2               Notions  de psychophonie

La psychophonie, comme nous l’avons vu, est une démarche novatrice dans l’enseignement de la pose de voix. Ce travail se fait selon six grands axes définis par le Collège de Psychophonie Marie-Louise AUCHER:

·        Réceptivité et émission

La qualité de notre émission vocale dépend de notre conscience corporelle et de la justesse de notre réception sensorielle.

·        Les cinq sens

L’enfant découvre le monde extérieur grâce à ses cinq sens. Adulte, nous les utilisons pour découvrir notre monde intérieur et l’enrichir.

·        Voix parlée – Voix chantée

Ces deux aspects de la voix sont indissociables. On ne saurait travailler l’une sans travailler l’autre. Poésie, mélodie, rythme en sont les clés.

·        Le souffle

Au cœur de la vie, il ouvre les portes de la voix.

·        Enracinement et rayonnement

Bâti sur un axe vertical et un axe horizontal, l’être humain trouve son équilibre entre ces deux pôles. La justesse de sa parole et la liberté de son chant en découlent.

·        Harmonisation

La démarche psychophonique permet de relier les différents plans de l’être : physique, énergétique, émotionnel, mental, spirituel et de les harmoniser. La relation à soi et aux autres s’en trouve facilitée et la communication enrichie.

2.1       L’Homme récepteur

La psychophonie, nous l’avons vu est une méthode d’éducation et de rééducation.
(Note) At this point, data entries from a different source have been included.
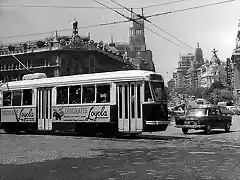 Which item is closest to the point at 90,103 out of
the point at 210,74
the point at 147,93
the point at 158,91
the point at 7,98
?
the point at 147,93

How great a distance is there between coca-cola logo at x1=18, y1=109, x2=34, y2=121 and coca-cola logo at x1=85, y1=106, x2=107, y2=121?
3761 mm

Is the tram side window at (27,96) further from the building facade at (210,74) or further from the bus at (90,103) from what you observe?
the building facade at (210,74)

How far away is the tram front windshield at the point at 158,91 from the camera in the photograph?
17484 mm

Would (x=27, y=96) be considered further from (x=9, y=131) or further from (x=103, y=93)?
(x=103, y=93)

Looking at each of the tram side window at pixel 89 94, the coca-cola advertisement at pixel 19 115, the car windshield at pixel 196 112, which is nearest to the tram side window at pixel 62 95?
the tram side window at pixel 89 94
Elle repose sur la prise en compte de la double faculté de l’Homme, considéré successivement comme :

            -    l’Homme poste récepteur des sons, l’Homme instrument vivant,

-         l’Homme, poste émetteur des sons, en réponse conditionnée correcte aux sons.

Ces deux aspects sont des éléments clés de la communication : recevoir et exprimer.

L’Homme, lorsqu’il se place comme poste récepteur, fait appel non seulement à son oreille qui assume les trois fonctions : audition, équilibre et fourniture d’un potentiel électrique au cerveau, mais également à une sensibilité tactile et nerveuse grâce à quelque 600 000 récepteurs sensoriels qui transmettent eux aussi des informations sonores aux zones cérébrales.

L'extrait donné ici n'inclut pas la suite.